Fuir la guerre au Burundi pour devenir soldat au Canada

Le caporal Billy Sayumwe
Photo: Courtoisie Le caporal Billy Sayumwe

En 1993, la guerre civile déchire la région des Grands Lacs africains. Comme des milliers d’autres, le jeune Billy Sayumwe fuit son pays, le Burundi. Aujourd’hui caporal dans l’Armée de l’air canadienne, il fait du maintien de la paix son cheval de bataille.

« Je veux rendre au pays d’accueil ce qu’il m’a donné en faisant le contraire de ce que j’ai vécu, où des militaires tuaient des innocents. Je ne veux pas généraliser à tous les militaires, mais on en voyait commettre des atrocités », raconte-t-il au Devoir.

« Une partie des militaires ont renversé le pouvoir de l’époque et ont assassiné le président, d’où le conflit. Avec ma famille, j’ai fui en Tanzanie et vécu dans un camp de réfugiés pendant quatre ans », se remémore-t-il, stoïque. « C’est alors qu’on a appris que le gouvernement du Québec à l’époque cherchait des immigrants francophones, d’où le commencement du processus d’immigration. »

Il atterrit à 15 ans à Québec et y termine sa scolarité. Les souvenirs des soldats stationnés dans son village d’enfance nourrissent ses projets de carrière. « J’ai toujours vu les militaires faire leurs parades et des exercices, courir la montagne. » Puis, convaincu du rôle différent de l’armée en Occident, il s’enrôle sous l’unifolié en 2013.

Sa volonté de devenir soldat rencontre de la résistance autour de lui. Les violences laissent des traces dans une famille de réfugiés comme la sienne. « Ce ne fut pas une décision facile. Mes parents ne comprenaient pas mon choix avec tout ce qu’on avait vécu. Je me suis dit que le Canada avait une approche différente. C’est plutôt une logique de maintien de la paix. On ne va pas en guerre pour tuer comme ça se passait chez nous. Je voulais aider l’autre. »

Basé à Valcartier, il participe régulièrement aux exercices à l’aéroport militaire de Bagotville. Sa première mission, au Koweït, aura été pour lui un moment fort. Il rappelle par contre que l’armée se déploie souvent aussi au Canada, lors d’inondations, de feux de forêt, et même parfois lors de pandémies. « Ma mission, personnellement, c’est de pouvoir rendre au pays d’accueil ce qu’il m’a donné. »

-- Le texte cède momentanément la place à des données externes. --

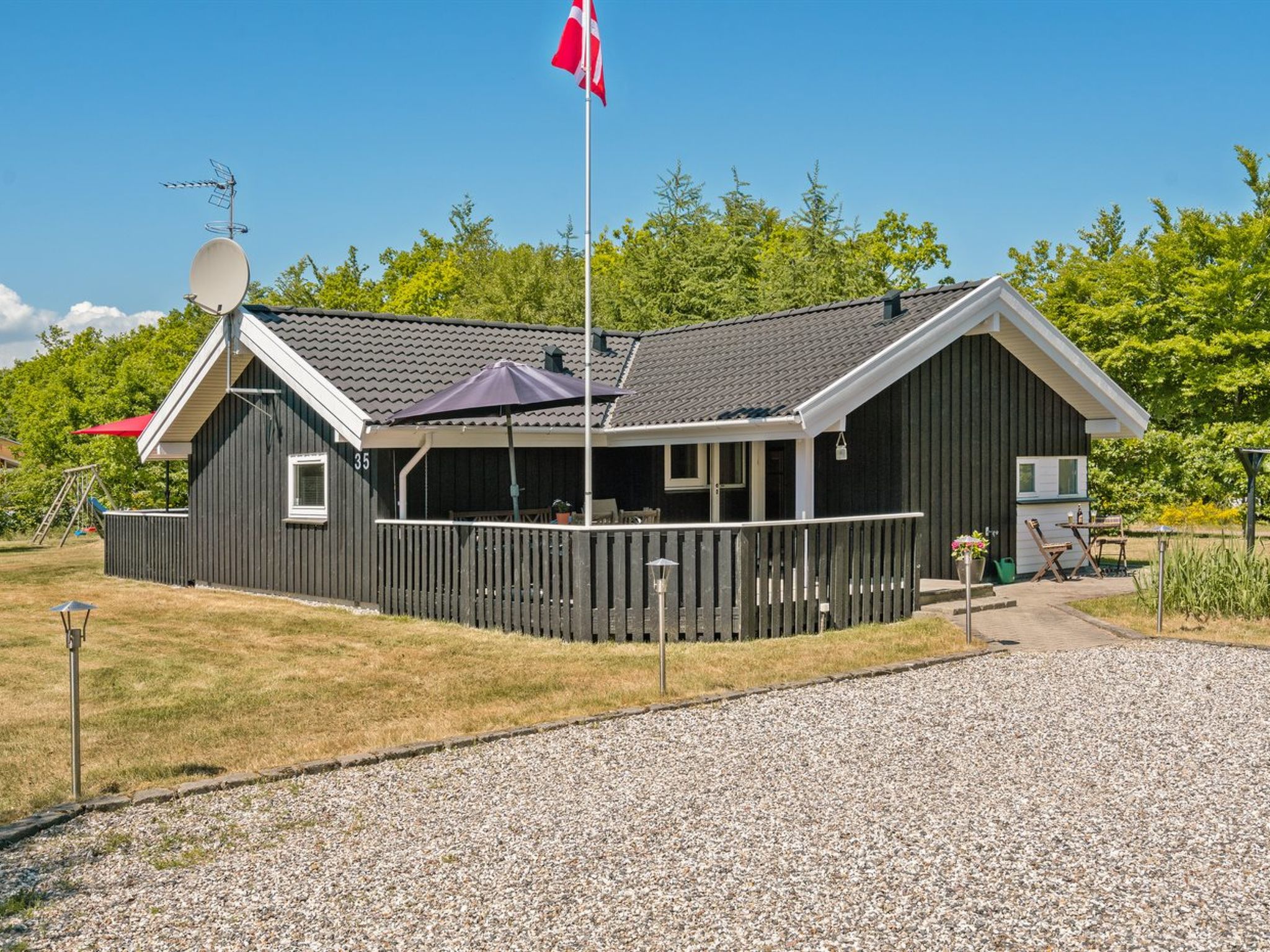 "Esaline" - 400m from the sea - Outside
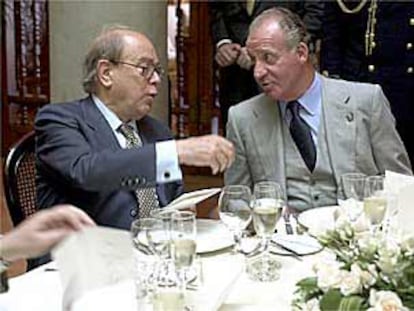 El Rey conversaba con Jordi Pujol durante el almuerzo que compartieron ayer en Sant Esteve de Sesrovires.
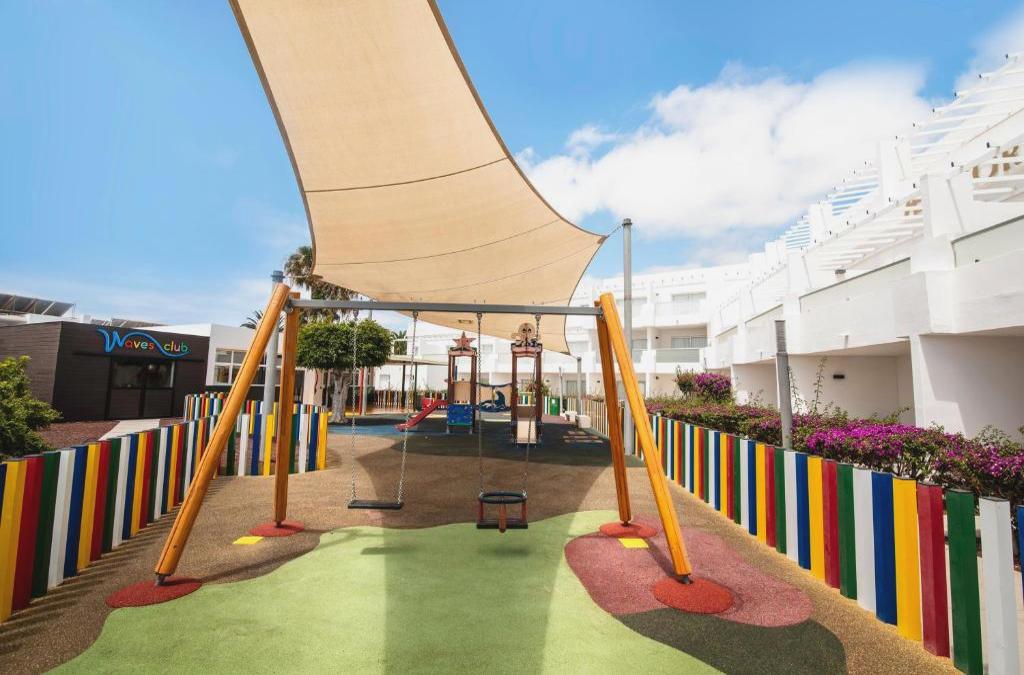 Enjoy Lanzarato at a 4-star hotel - SENTIDO Aequora Lanzarote Suites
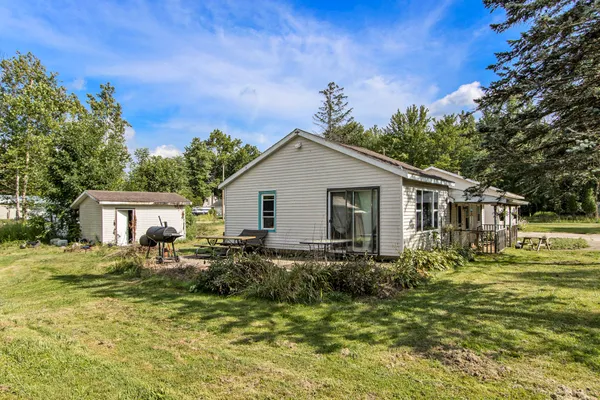 $174,000 | 46778 Sycamore Drive, Bangor, MI 49013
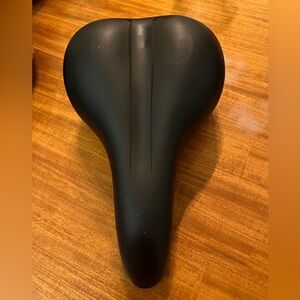 NEW Oramio leather touring seat.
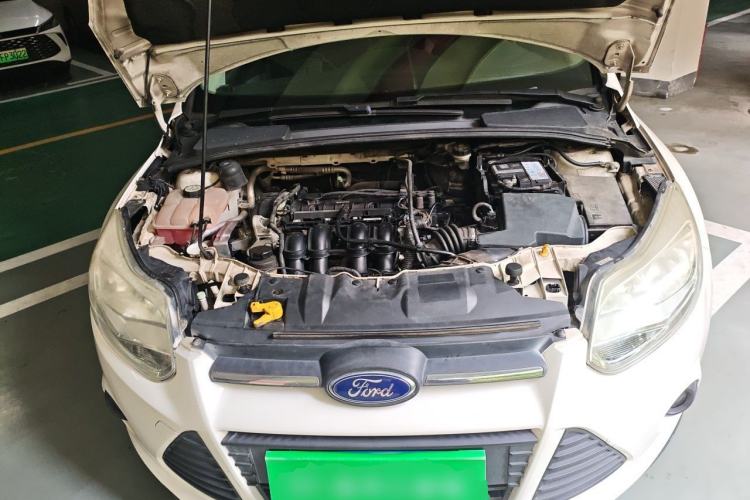 Used Ford Focus 2012 Hatchback 1.6L Automatic Comfort Model Engine Bay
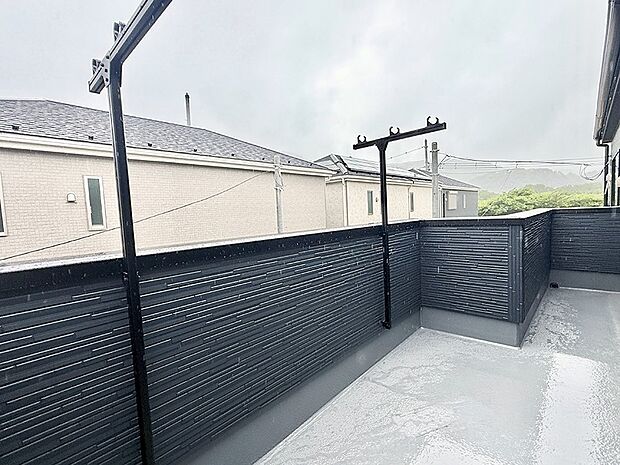 2号棟 ■ 季節の移ろいを感じられる開放的な空間です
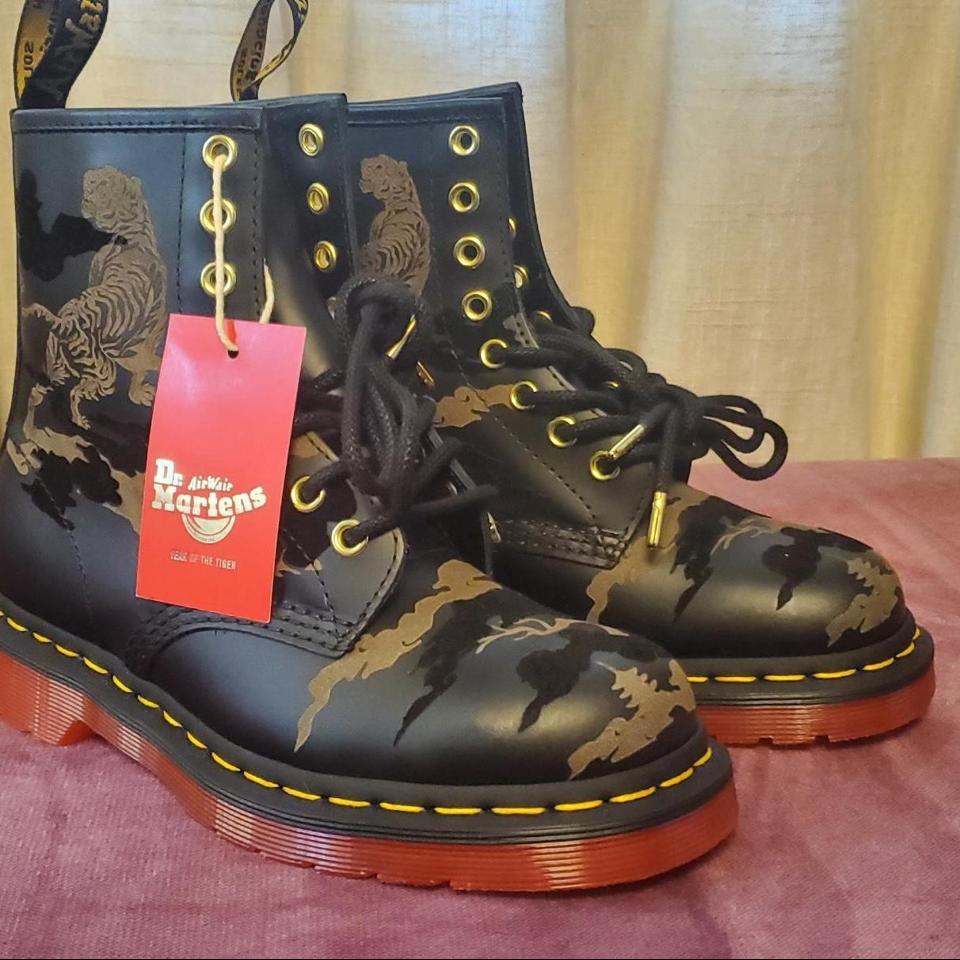 Dr martens online tiger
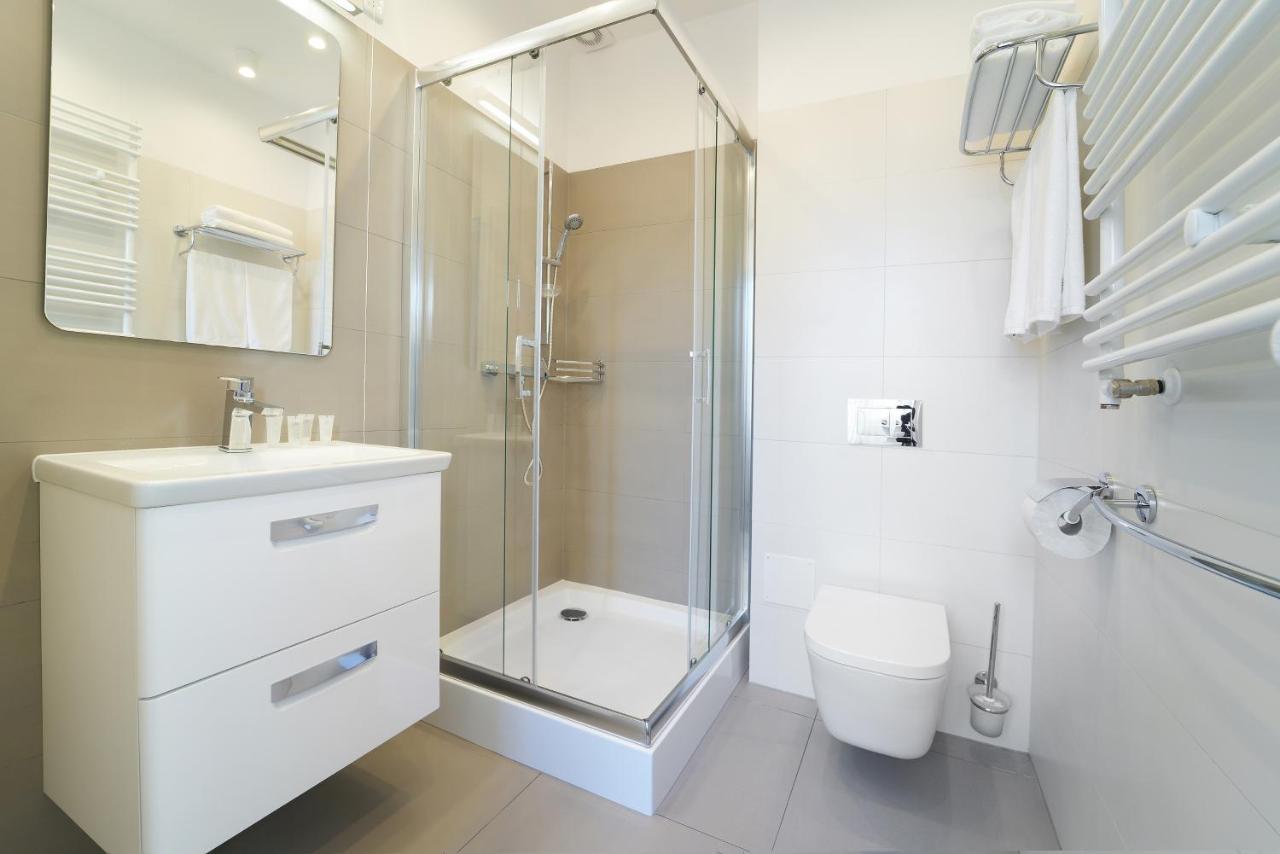 Dom Zdrojowy Aparthotel Jelenia Gora Bagian luar foto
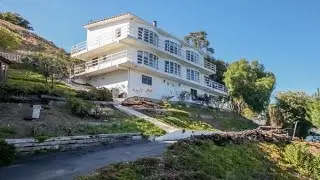 21733 CASTLEWOOD Drive, Malibu, CA Presented by Brian Selem.
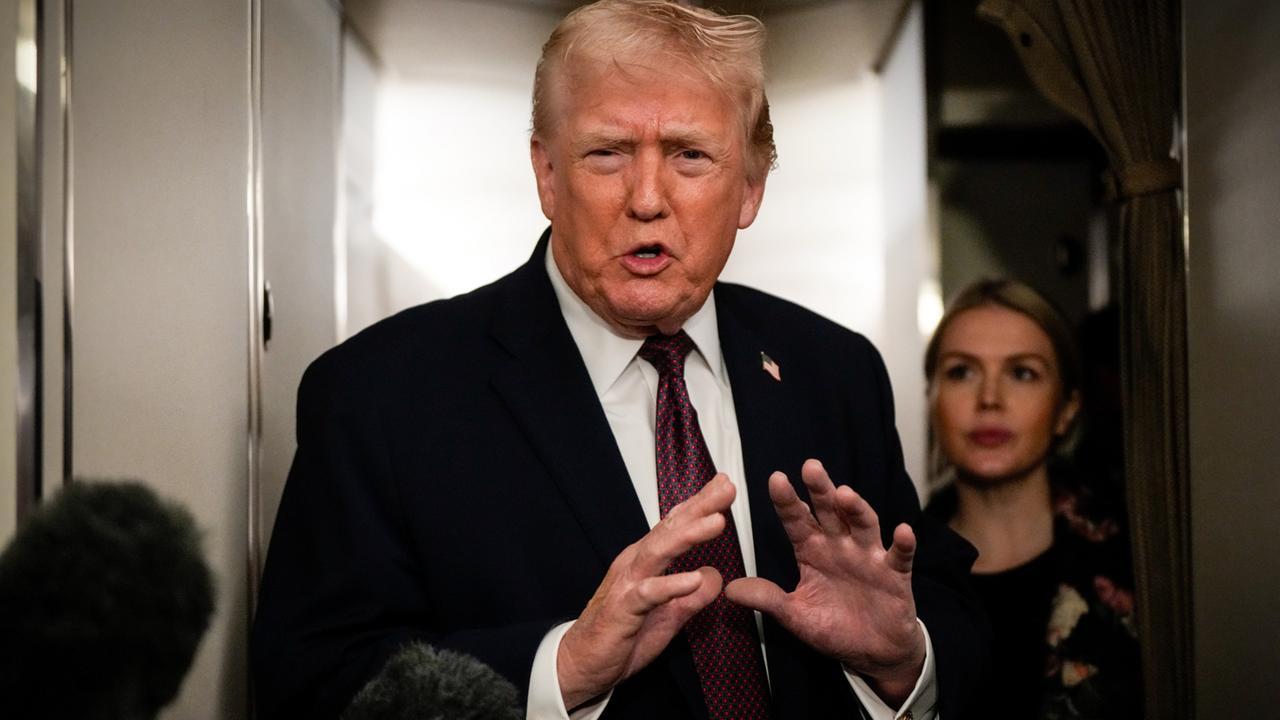 Andauernde Massenproteste: Trump prüft "starke Optionen" gegen den Iran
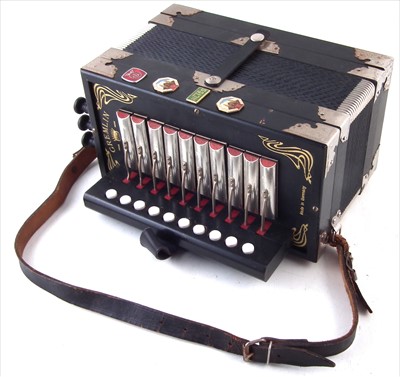 Lot 26 - Gremlin melodion with case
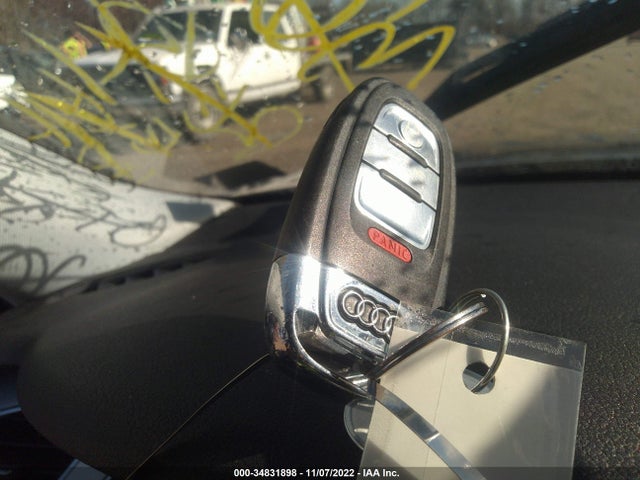 2016 Audi A4, VIN: WAUBFAFL1GN014725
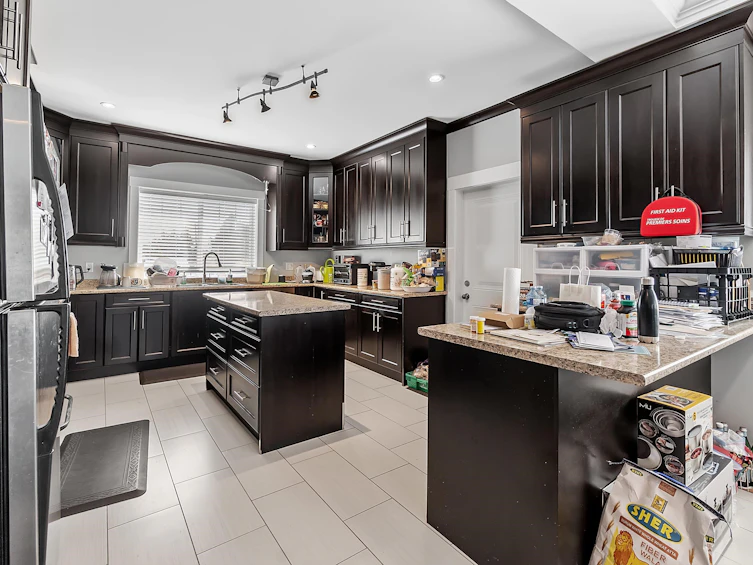 819 Clearbrook Road, Abbotsford, BC, V2T 5X2 - 2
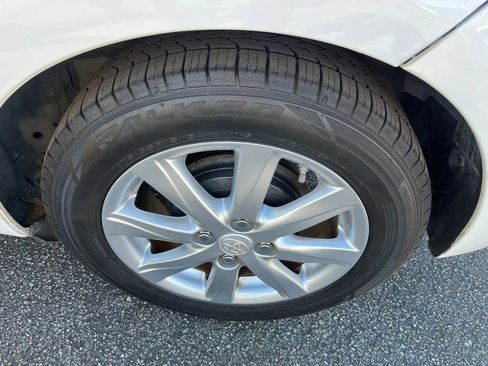 Used 2015 Toyota Yaris LE image 28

La diversité dans les forces

Les forces armées canadiennes tentent depuis plusieurs années d’augmenter la présence des différentes minorités dans leurs rangs. Une publication à ce sujet sur Twitter, montrant une réunion d’hommes blancs, a récemment soulevé des questions sur leur véritable nombre. Aucune statistique n’existe sur le nombre d’immigrants parmi les quelque 65 000 militaires canadiens, selon une porte-parole de l’armée.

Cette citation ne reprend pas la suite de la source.